[Image-caption web data]
::::::::::

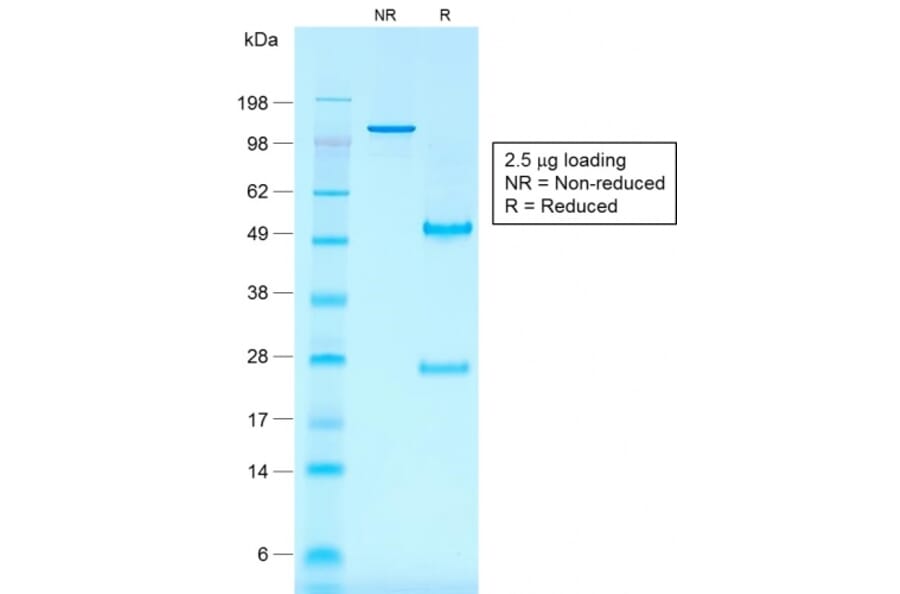 SDS-PAGE - Anti-CD30 Antibody [rKi-1/779] - BSA and Azide free (A253832) - Antibodies.com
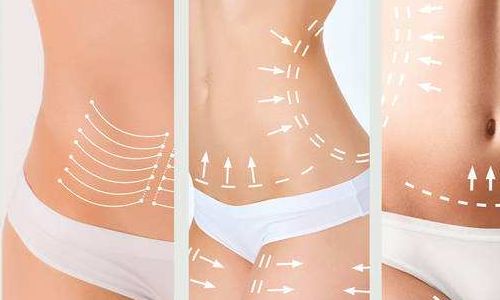 2023年武漢吸脂抽脂醫(yī)生（專家）技術(shù)分享：張軍、張繼強(qiáng)、劉洋等探討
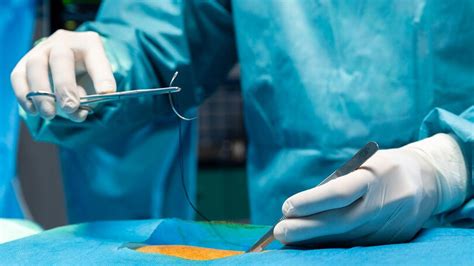 Incision & Surgical Wound Care: Why Stitches Get Itchy And How To ...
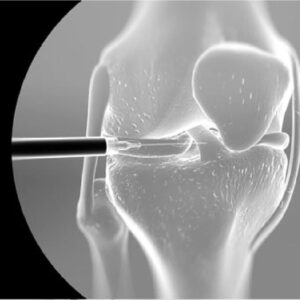 HYALGAN® Injection for Knee Pain (Fluoroscopic Guided) - Spine ...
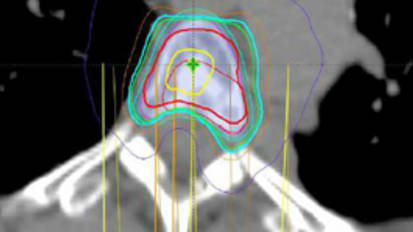 Is Earlier Better? PROMISSeD Trial Explores Early Radiation Therapy as a Prophylactic Treatment for Patients With High-risk Spine Metastases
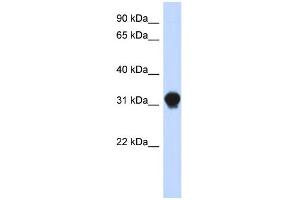 WB Suggested Anti-DNALI1 Antibody Titration: 0. (DNALI1 anticorps  (N-Term))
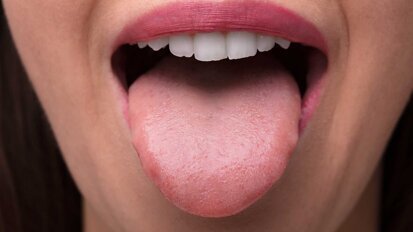 Glossodynie: Ursachen für Zungenbrennen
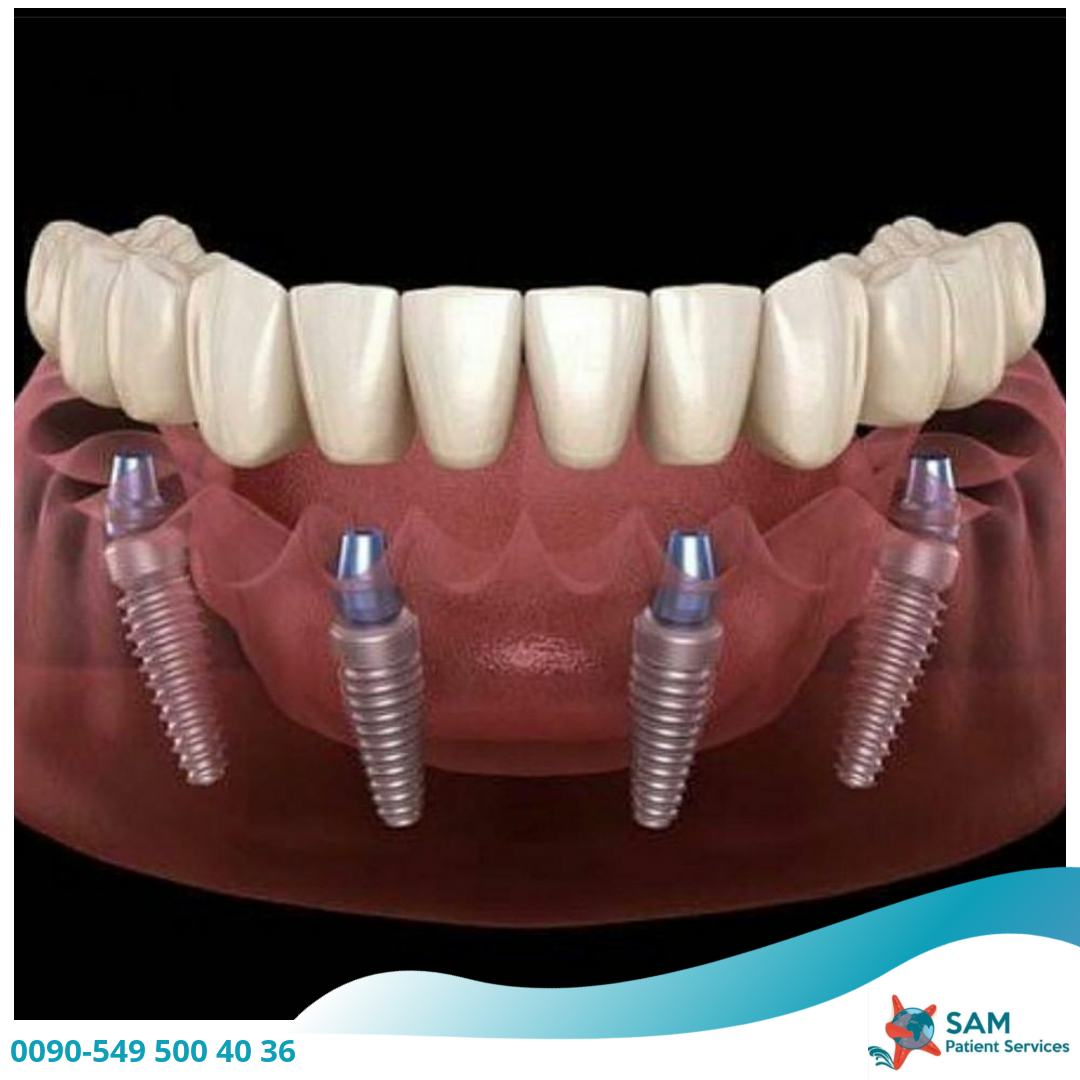 sam-patient-services-implant-applications-2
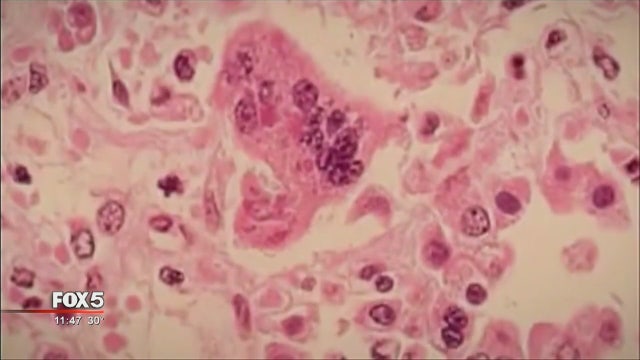 Medical experts say largest outbreak of mumps in 10 years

::::::::::

▶ _Problem_
Reproduce the whole of the data, word for word, and omit its pictures.

▶ _Written answer_
 SDS-PAGE - Anti-CD30 Antibody [rKi-1/779] - BSA and Azide free (A253832) - Antibodies.com
 2023年武漢吸脂抽脂醫(yī)生（專家）技術(shù)分享：張軍、張繼強(qiáng)、劉洋等探討
 Incision & Surgical Wound Care: Why Stitches Get Itchy And How To ...
 HYALGAN® Injection for Knee Pain (Fluoroscopic Guided) - Spine ...
 Is Earlier Better? PROMISSeD Trial Explores Early Radiation Therapy as a Prophylactic Treatment for Patients With High-risk Spine Metastases
 WB Suggested Anti-DNALI1 Antibody Titration: 0. (DNALI1 anticorps  (N-Term))
 Glossodynie: Ursachen für Zungenbrennen
 sam-patient-services-implant-applications-2
 Medical experts say largest outbreak of mumps in 10 years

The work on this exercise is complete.